▶ _How to complete this task_: After locating the line with "COMEÇA AGORA —", repeat it and every following line to the end of the listing, exactly. Omit the pictures.
Start of Data below
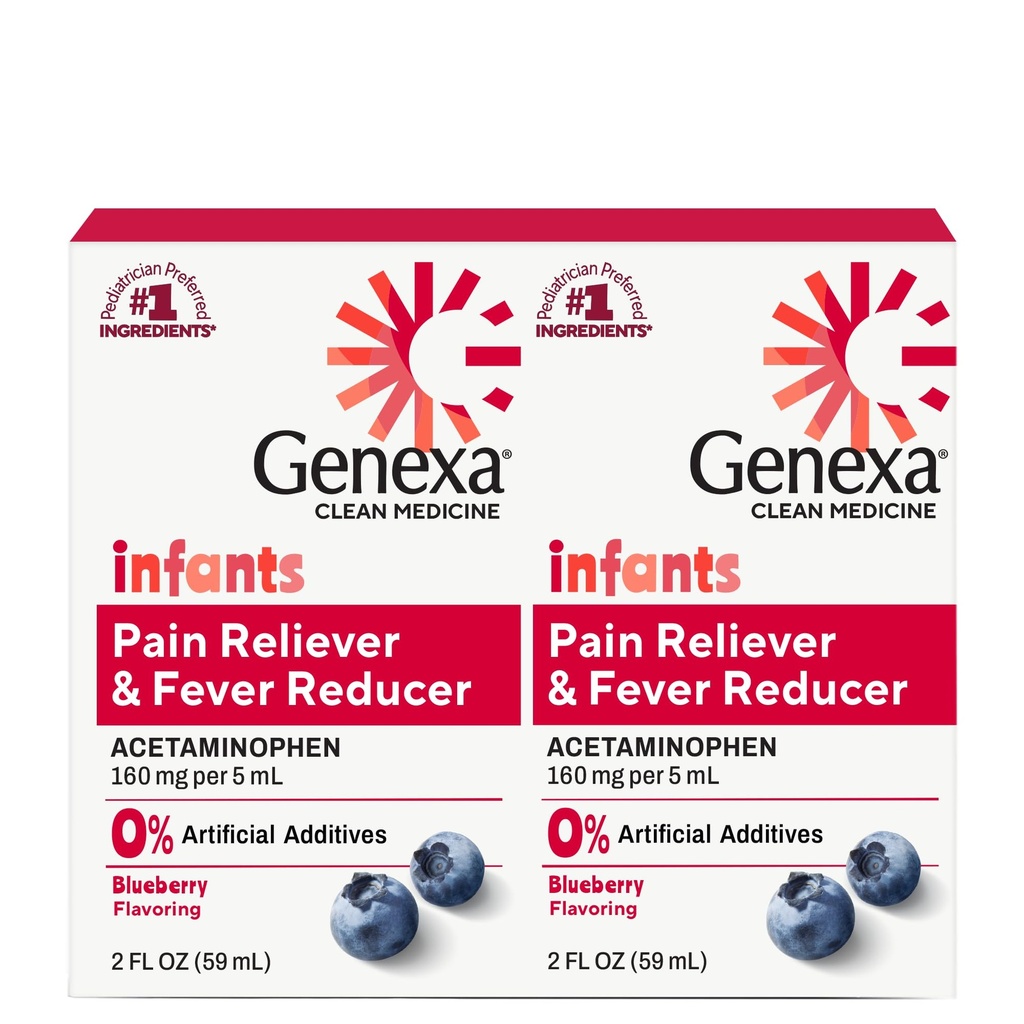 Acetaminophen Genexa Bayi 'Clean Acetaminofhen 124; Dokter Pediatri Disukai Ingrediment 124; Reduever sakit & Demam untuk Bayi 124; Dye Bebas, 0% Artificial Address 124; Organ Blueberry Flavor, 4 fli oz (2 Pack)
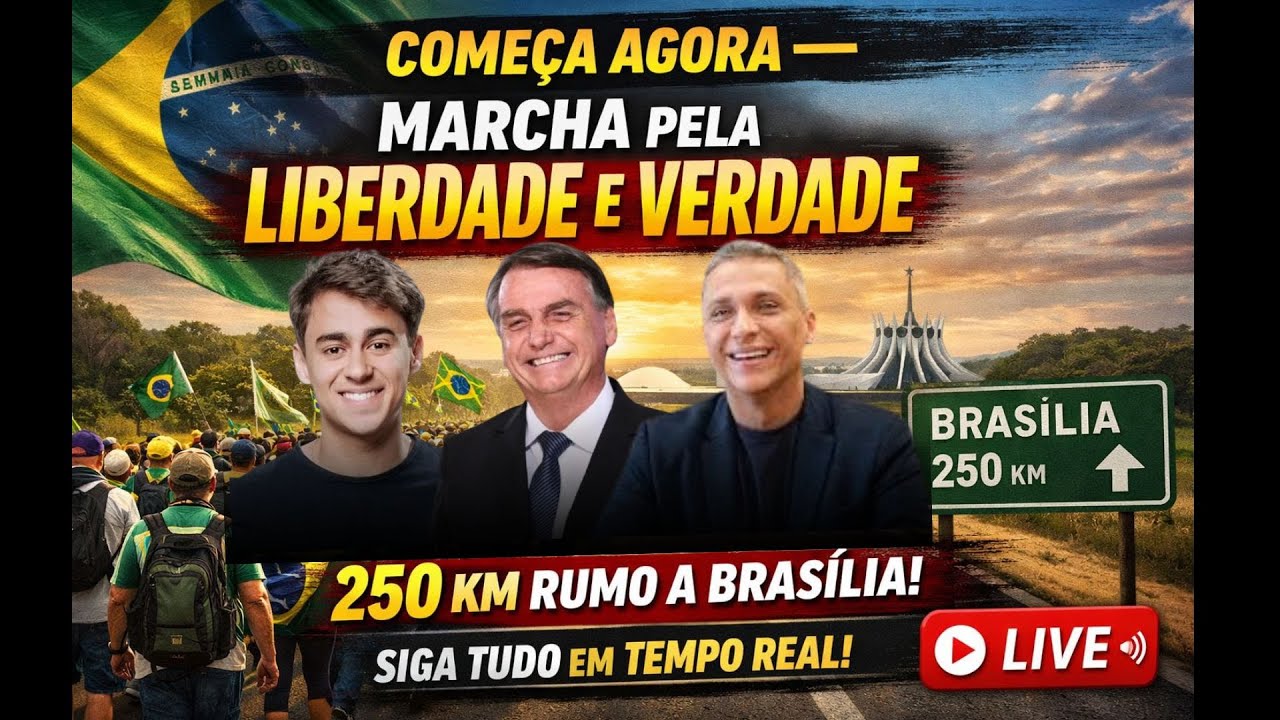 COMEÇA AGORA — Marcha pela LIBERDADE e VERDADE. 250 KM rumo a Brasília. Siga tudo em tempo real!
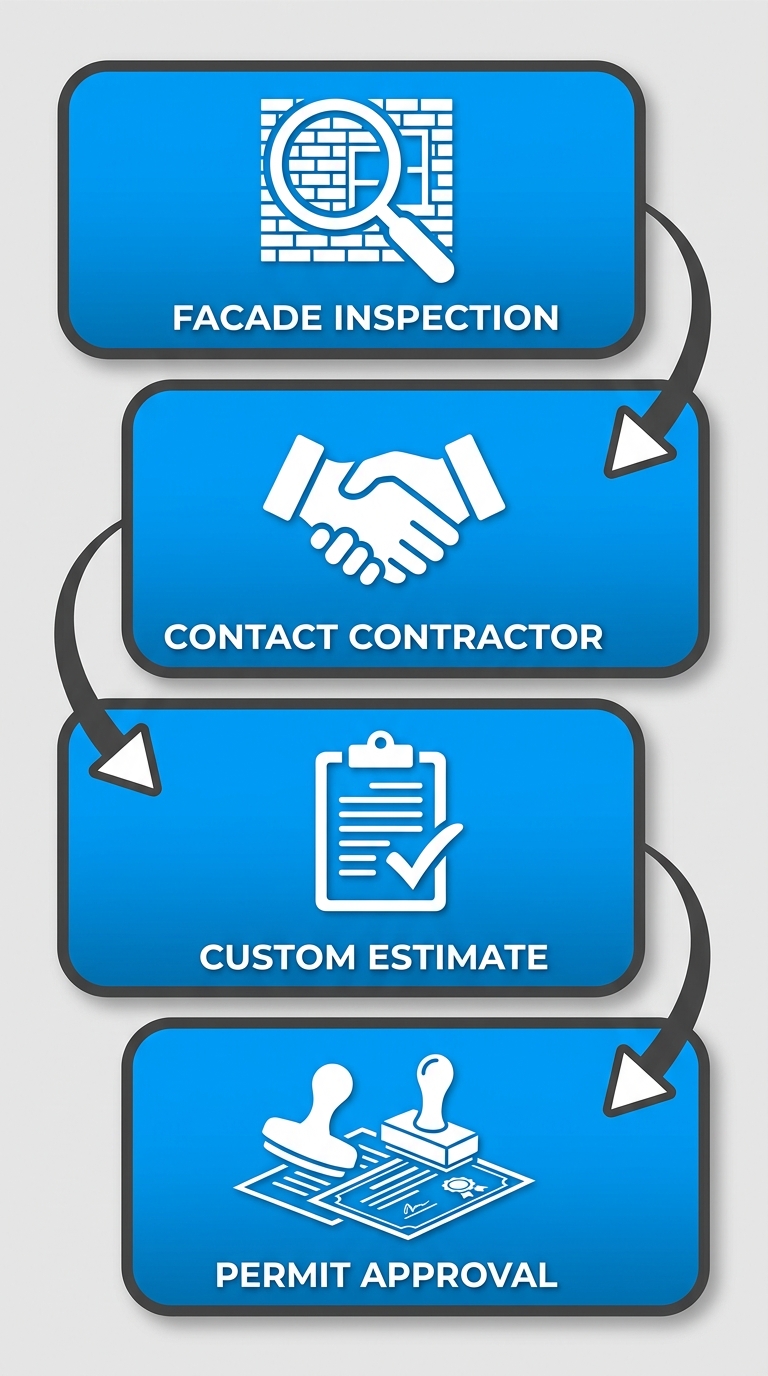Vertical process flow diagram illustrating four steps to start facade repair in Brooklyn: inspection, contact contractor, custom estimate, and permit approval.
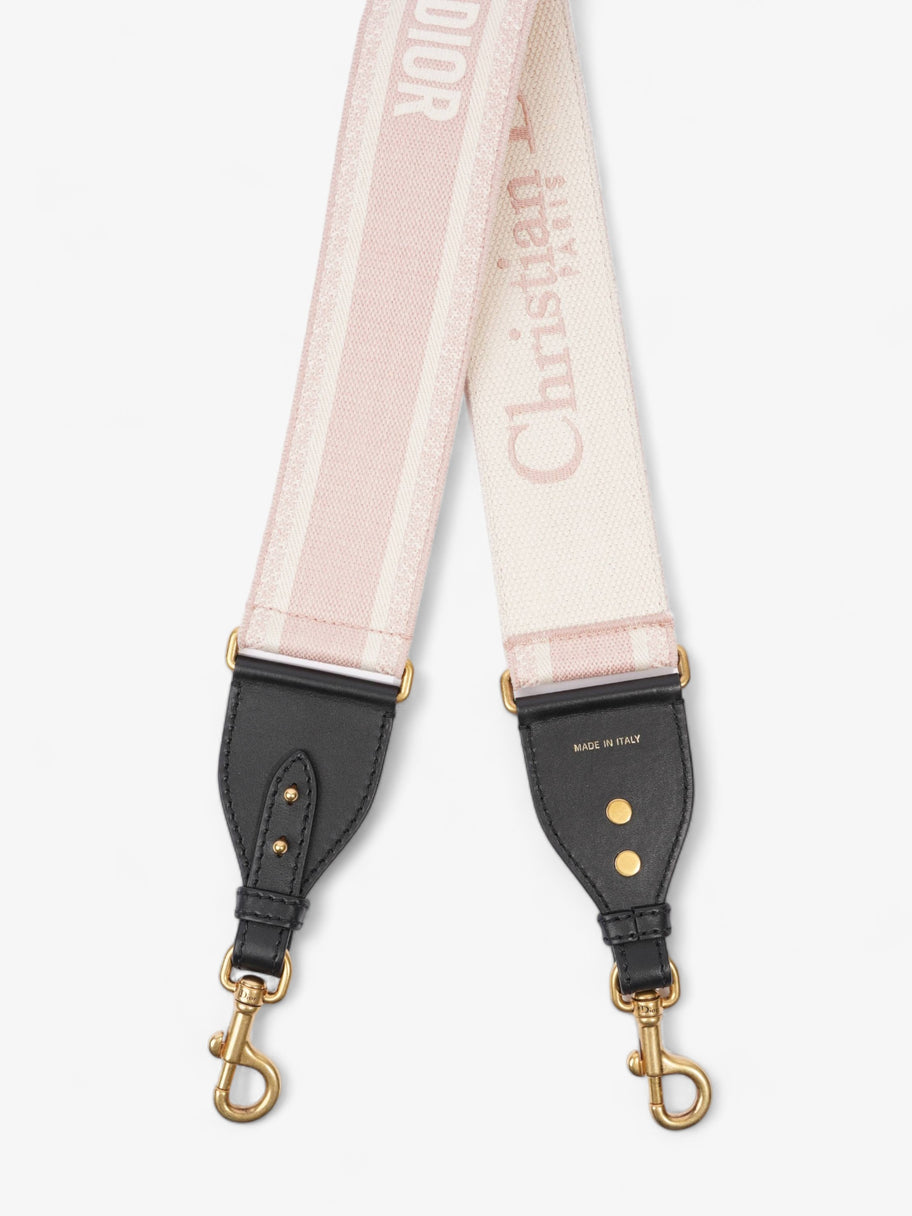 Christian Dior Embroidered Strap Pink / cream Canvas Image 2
End of Data below
▶ _Answer box_:
 COMEÇA AGORA — Marcha pela LIBERDADE e VERDADE. 250 KM rumo a Brasília. Siga tudo em tempo real!
Vertical process flow diagram illustrating four steps to start facade repair in Brooklyn: inspection, contact contractor, custom estimate, and permit approval.
 Christian Dior Embroidered Strap Pink / cream Canvas Image 2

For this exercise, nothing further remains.